4. Labor Day means a lot less labor

The NFL labor force is reduced by approximately 35 percent on Labor Day weekend. There are 90 players on the field in late July, but that number is reduced to 53 in September. Hundreds of jobs are lost on the weekend celebrating jobs.

The sad part -- and this is the former agent in me coming out -- is that most released players have done everything the team asked them to do: work hard in the offseason program, take reps in practice, play in preseason games, etc. Simply, they had very little chance of making the team when they signed and there was little they could do to change that equation.

5. Injuries matter … a lot

I spent more time in training camp with our medical staff than I did with our football staff.

Although players train during the offseason -- some more than others -- there is no accurate simulation of training camp practices and players finally going "live." Thus, there are countless muscle strains and sprains -- hamstrings, ankles, hips, glutes, calves, knees, etc. -- early in camp. And when injuries to backups occur, the chain reaction means more reps for starters, whom coaches are trying to keep fresh. This was when I would sign "camp bodies" (players to eat up reps so "real" players wouldn't wear out).
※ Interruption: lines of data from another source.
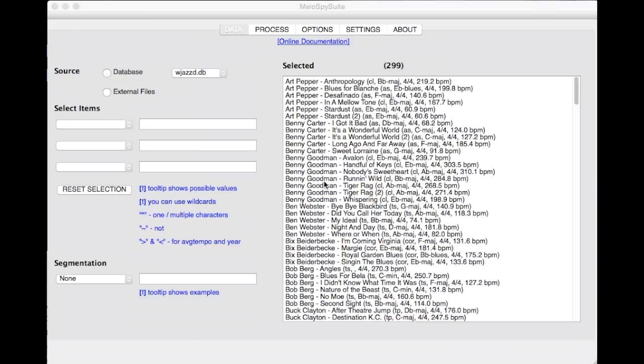The Melospy GUI is subdivided into five tabs. On the top of each tab you find a link to the corresponding sections in our online tutorials. Whenever you encounter any questions, check these links for more details. In this tutorial we are going to use the Mac OS X version. You will find the same functionalities under Windows.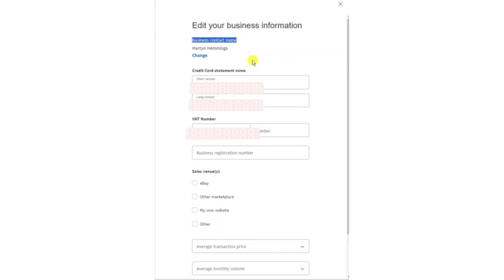Once you've entered the desired changes, make sure to review everything carefully. When you're satisfied with the new information, click Save to confirm the updates.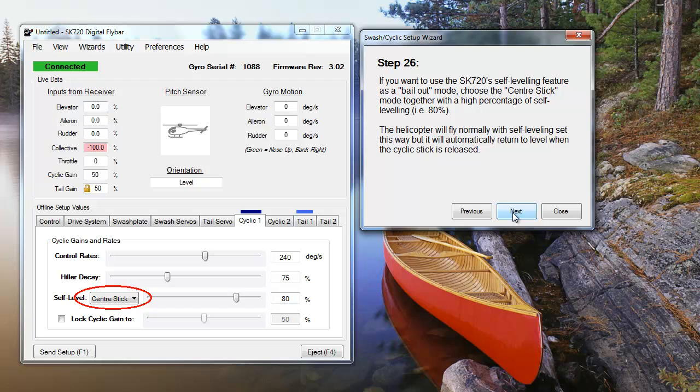Looking at the center stick setting, this is often used by most pilots as a bailout option. When you've lost control of your heli or lost orientation, let go of the cyclic stick to activate the self-level. This setting is best used with a high percentage setting, so the SK-720 will bail your heli out as quickly as possible. Other than turning the self-level off, the center stick setting gives you the most control over your heli without the self-level interrupting.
When a fringe player suffers an injury, contract managers, as I was, are told to "get him out of here," as he is taking up valuable resources from staff. I would then start the injury settlement process; haggling with the agent about how many weeks of pay the player was due.

Finally, injury waivers -- demanding players waive their legal rights if released with a pre-existing injury -- are common in camp. Although occasionally a top-tier player may have a waiver -- Peyton Manning has an injury waiver in his Broncos contract for injury to his C-6/C-7 cervical spine fusion "and related pathologies" -- these onerous clauses are usually imposed on players with no leverage.

My enduring thought from my more than a decade around training camps is always the following: so many players, so few jobs. It's a cold business.

From the inbox

Q: Can you explain "offset" and why it is such a big deal this year in rookie contracts?

Jeff in Duluth, Minn.

A: Offset language became the issue in top rookie contract negotiations this year. Because the new CBA positions the "frontside" of the contract -- signing bonus, salaries, cap number, etc. -- with little to no negotiation, the only bargaining has been about "backside" issues, primarily this.

As top pick contracts are fully guaranteed, teams want their money offset if the player is released and signs with another team. Agents are resisting, wanting the player to be able to "double dip" -- earn salary from two teams -- if released. And it is the agents, not the teams, winning this battle. All of the top nine picks to sign do not have offset language at this point. As of this writing, only the Vikings, Jaguars and Dolphins are left to fight the battle of offset.

Q: Why are these teams so concerned with offset language?

William in Dallas

A: As someone who has been in that chair, the concern is always the same: precedent. Negotiations are never about one player; they set a roadmap for future contracts, and agents will pounce on the no offset language.

Of particular concern to teams are veteran contracts. I can hear agents now: "If a rookie doesn't have offset language, my veteran player is not accepting it!" And that is a valid argument.

The biggest non-offset I can remember was when the Panthers cut Jake Delhomme in 2010 after rewarding him with a major extension a year before. Delhomme then signed with the Browns and, with no offset language in his contract, made $20 million that season -- $7 million from Cleveland and an astounding $13 million from Carolina.